撮れた写真をカメラの画面で確認していたとき「いい写真撮れた?」と突然、2年の先輩に話しかけられた。
僕に話しかけてくれた相手は、学校の中でも1位2位を争うぐらいの美人で可愛い先輩。僕より身長が高くて、大人っぽく見えた。先輩の名前は、榊枝美桜。それが先輩とのはじめての出会いだった。学校でよく見かけるけど、高嶺の花ような存在。美桜先輩の周りには、常に男女がいて、笑顔でいる。試合中はすごいかっこいいんだとか。
それから幾度となく、僕を見つけてくれては話しかけてくれた先輩。誰にでも程よい距離感で接し、「憧れの先輩」という立ち位置だった。だけど、僕に話しかけるときだけは、とても距離が近い。話してるとき、僕の腕周りにしっかりとくっついてた。電車の中で席に座った時も、先輩は頭を僕の肩の上に乗せていた。こんなに距離が近いと、先輩のことを異性として、好きな人として見てしまうよ。
いつの間にか僕は、先輩に恋をしていた。
私は可愛い君に恋をした。
4月3日
学年が1つ上がって2年になった。バドミントン部に入っている私は、先輩として後輩の指導しなければならなかったことや先輩としての背中を見せないといけないらしい。私にできるのかな?とても不安だった。こんな私にできるのかな....
4月10日
毎年恒例の写真部が全部活動を3日かけて活動中の写真を撮る旨の情報が流れてきた。私は、不安だった。去年のバドミントン部で撮影された写真は、約5割は私の写真だった。今年もはじまるのかと....写真嫌だな.....
4月20日
体育館に入ってきた写真部は先輩学生と身長が低めの男の子だった。先輩の指導を受けながら練習の写真を撮影していた。その男の子は、新しく入ってばかりの男の子と談笑してた。そのあと、私たちの練習に邪魔にならないように撮影にしていた。練習中、ゲーム中の姿を撮影してた。私のほうも撮られたけど、そんなに気にならなかった。むしろ部員1人1人と撮影している感じだったし、先輩学生は様子を見て男の子のフォローを入れていた。新しく入ってきたばかりの男の子の練習中、ゲーム中の写真をカメラで確認してるところに話しかけた。「いい写真撮れた?」って。だって身長引くて、周りの配慮もできる男の子に興味沸いた。彼はまさか話しかけられると思ってなくてびっくりしてたし、動揺していた。そんな動揺してる姿も可愛かった。彼の名前は、嶺川蒼空というらしい。素敵な名前だね、蒼空くん。

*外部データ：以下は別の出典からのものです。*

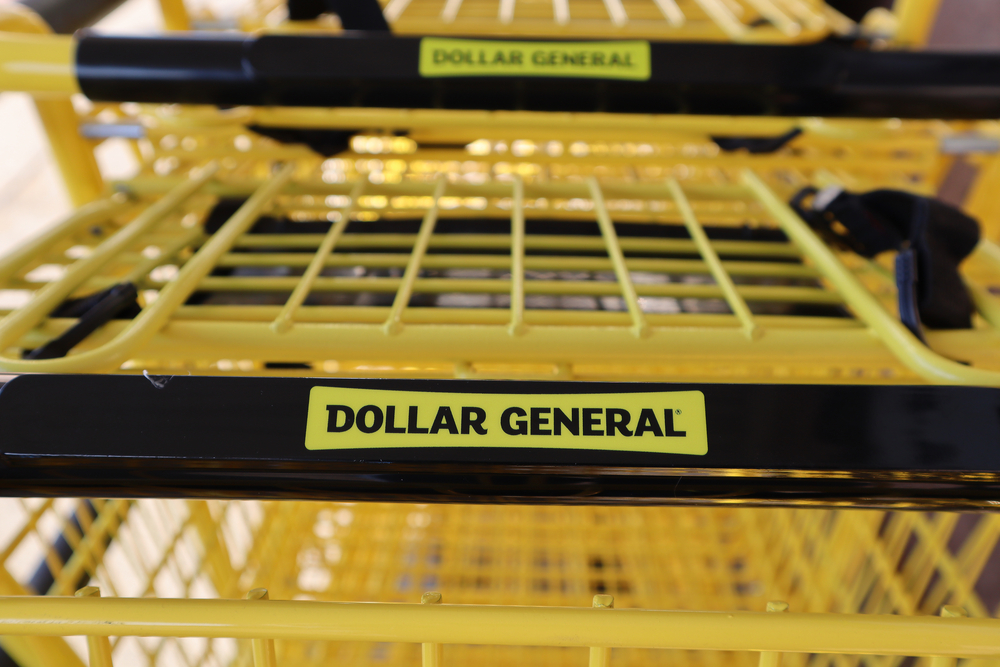 Assistant Store Manager at Dollar General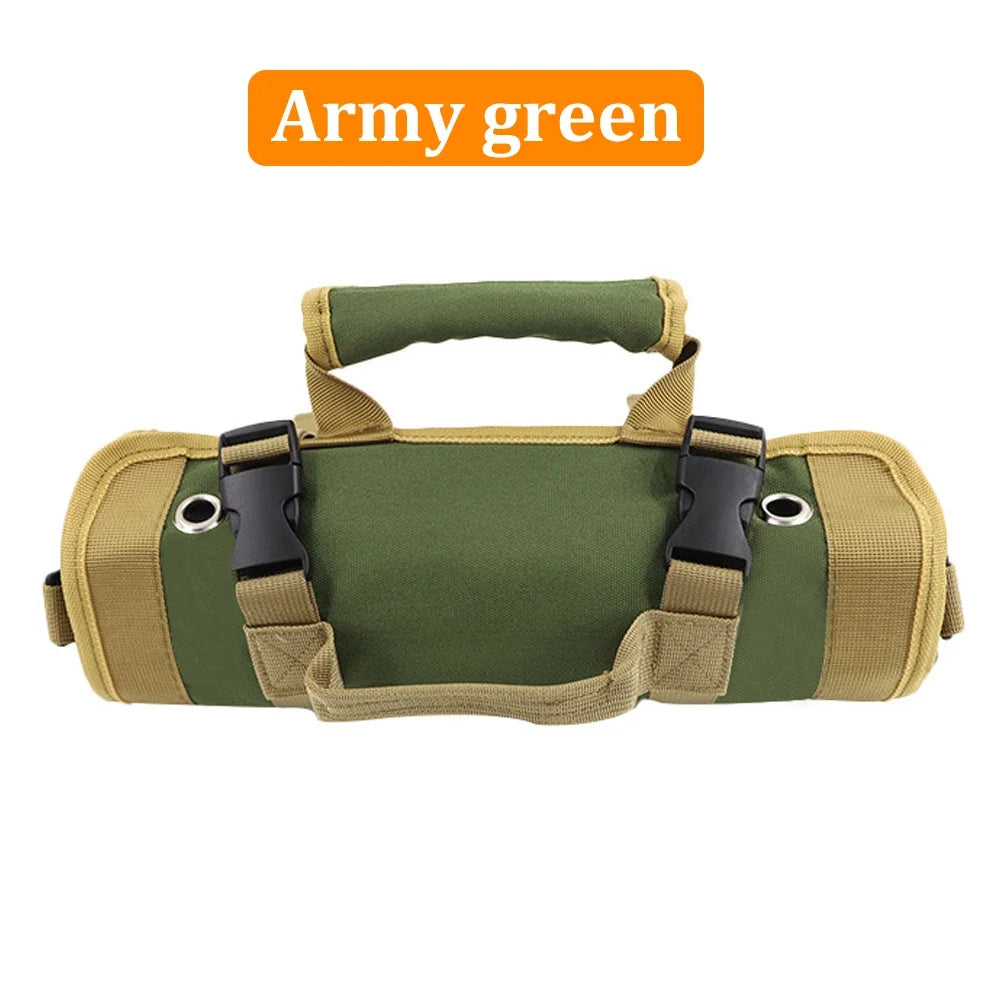 Multi-purpose Tools Organizer Storage Bag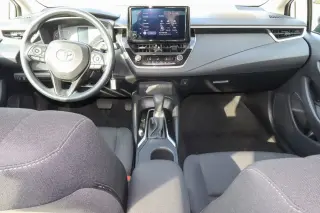 2025 Toyota Corolla LE CVT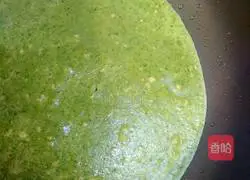 Spinach pancake recipe 3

それから私は蒼空くんことが知りたくて、ずっと話しかけにいった。最初は驚かれたり、ぎこちなかったり、気まずい空気があった。だけど、蒼空くんも頑張って話しかける姿とか私の名前を頑張って呼んでくれた。私の名前を呼んでくれた時、心がドキッとした。それ以降、一緒にいるときもずっとドキドキしていた。目も合わせられなくなりそうな時もあったけど、先輩だから!と自分に言い聞かせてその場をやり過ごした。
いつの間にか私は、可愛い君に恋をした。